When you reach the line below that has "Comete Gioielli - Bracciale", start returning lines exactly, and stop after the line that has "Прозрачная защитная коробка"; skip the pictures.

-- Records for the task --
-------------------------

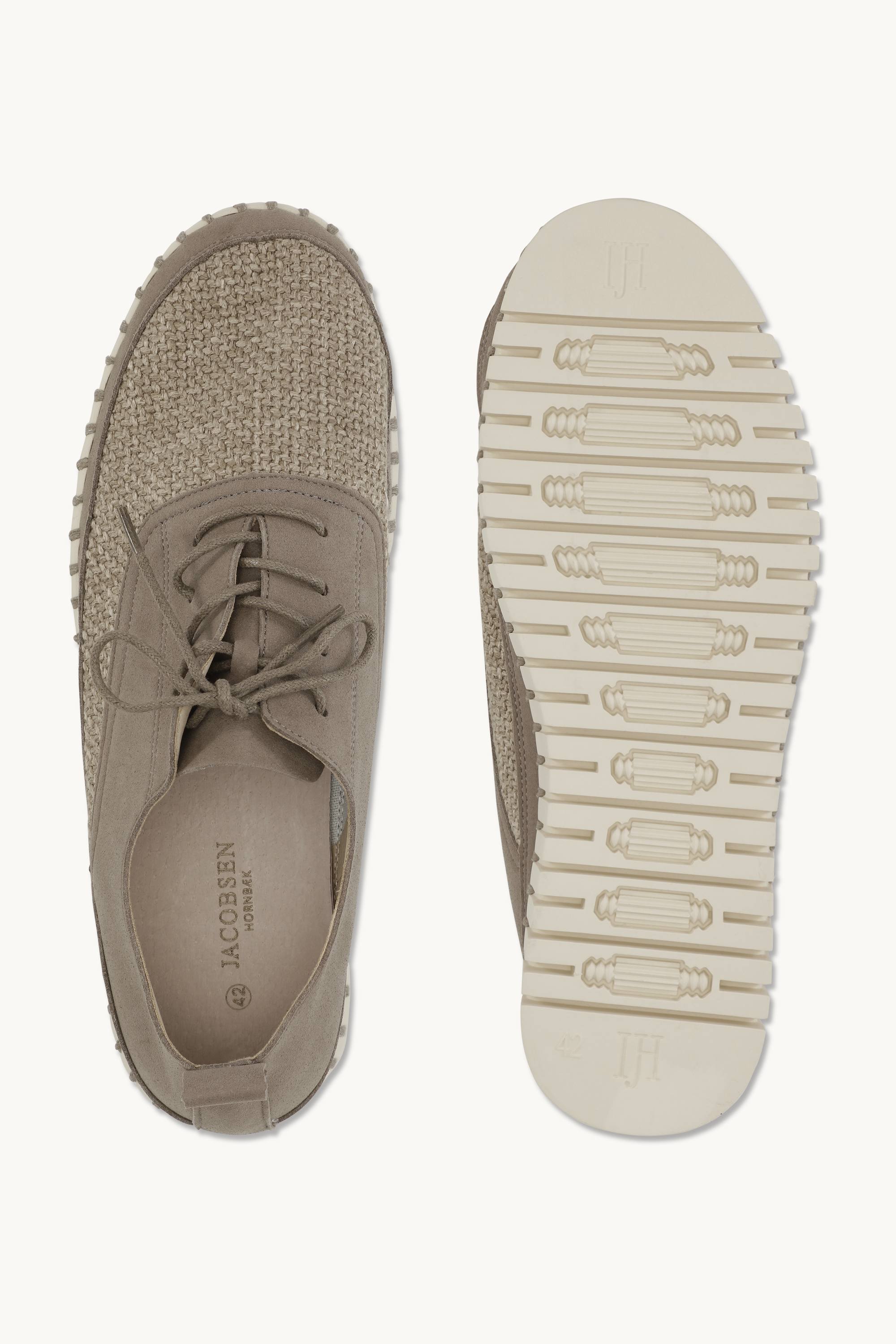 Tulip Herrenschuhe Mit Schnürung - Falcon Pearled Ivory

-------------------------

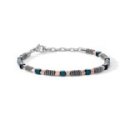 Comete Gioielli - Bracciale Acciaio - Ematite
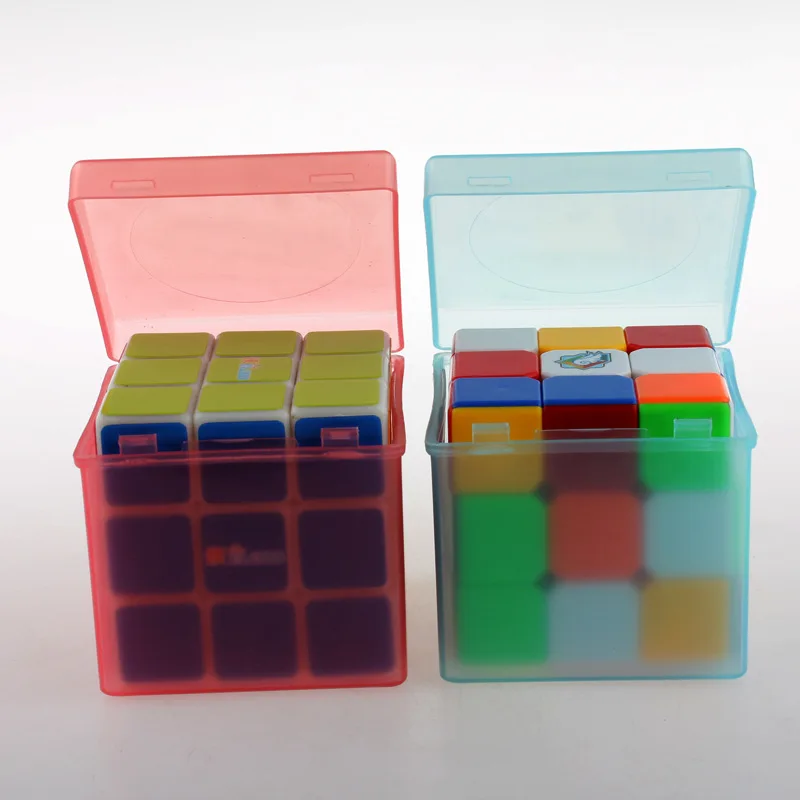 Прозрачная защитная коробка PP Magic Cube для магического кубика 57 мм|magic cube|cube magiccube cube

-------------------------

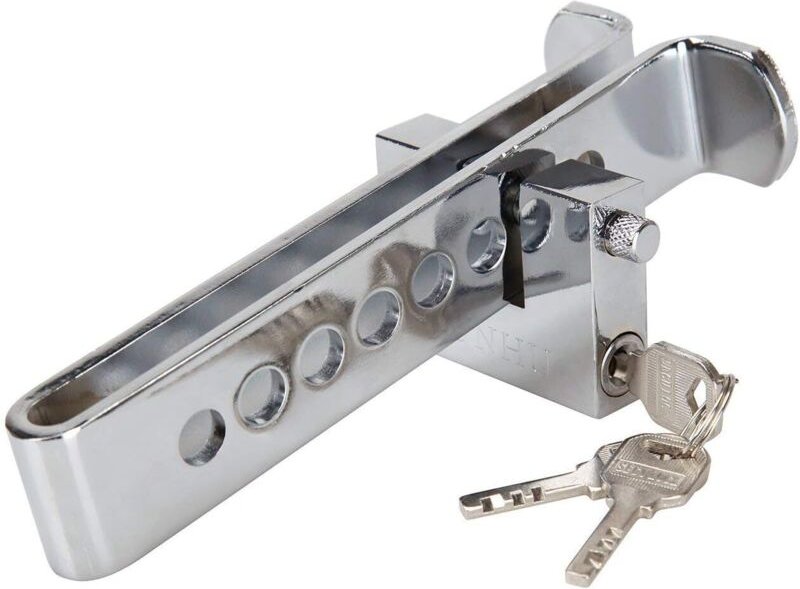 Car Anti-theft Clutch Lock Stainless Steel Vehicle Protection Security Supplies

-------------------------

-- Response to the task --
 Comete Gioielli - Bracciale Acciaio - Ematite
 Прозрачная защитная коробка PP Magic Cube для магического кубика 57 мм|magic cube|cube magiccube cube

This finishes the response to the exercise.